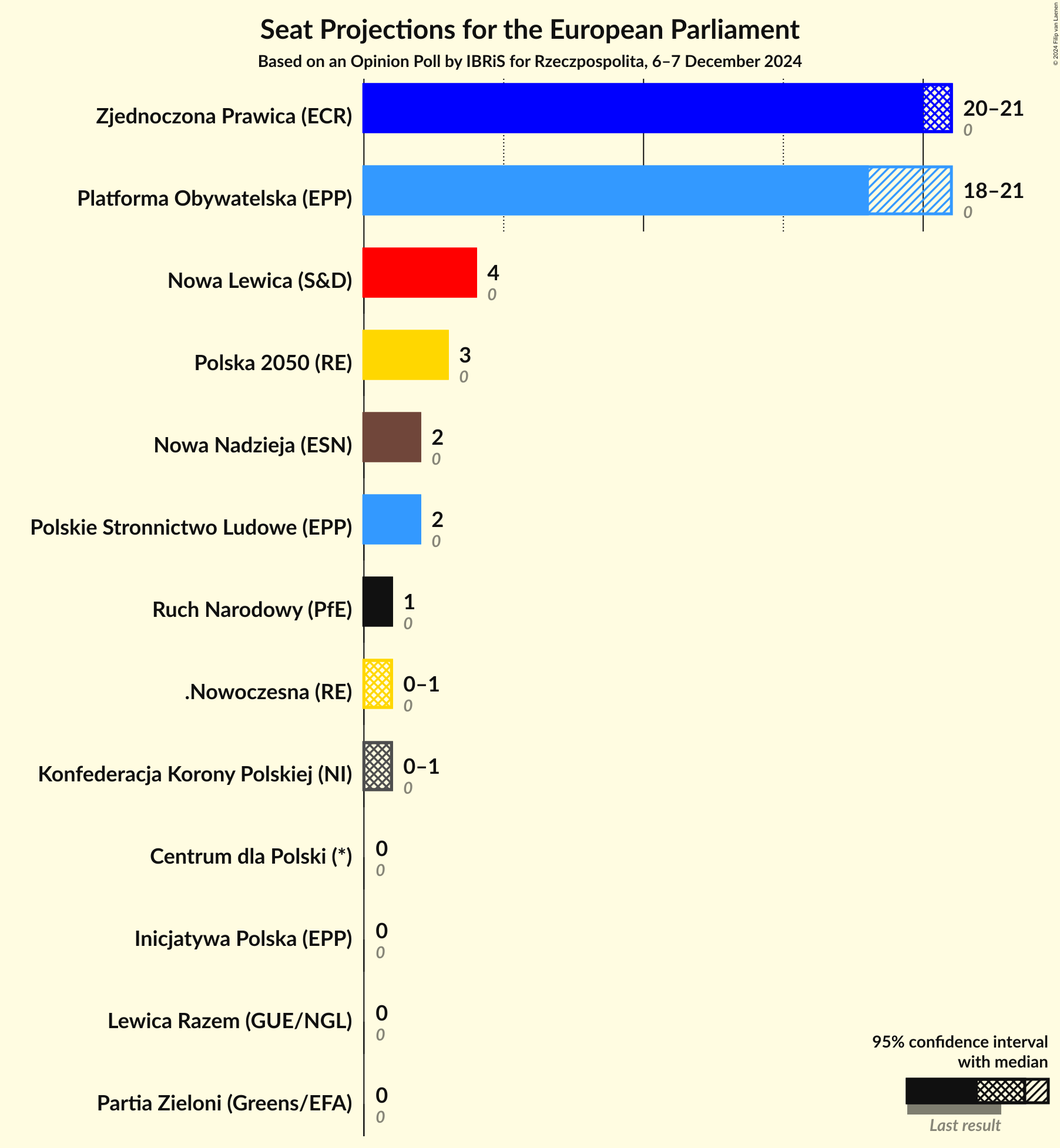 Graph with seats not yet produced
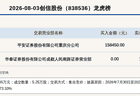 新三板创新层公司创信股份登龙虎榜：2026年7月30日至2026年8月3日涨跌幅累计达到173.33%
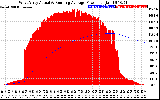 Solar PV/Inverter Performance West Array Actual & Running Average Power Output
━━━
Take the preceding listing and transcribe it exactly, skipping the pictures.

__OUTPUT OF THE TASK__:
 Graph with seats not yet produced
 新三板创新层公司创信股份登龙虎榜：2026年7月30日至2026年8月3日涨跌幅累计达到173.33%
 Solar PV/Inverter Performance West Array Actual & Running Average Power Output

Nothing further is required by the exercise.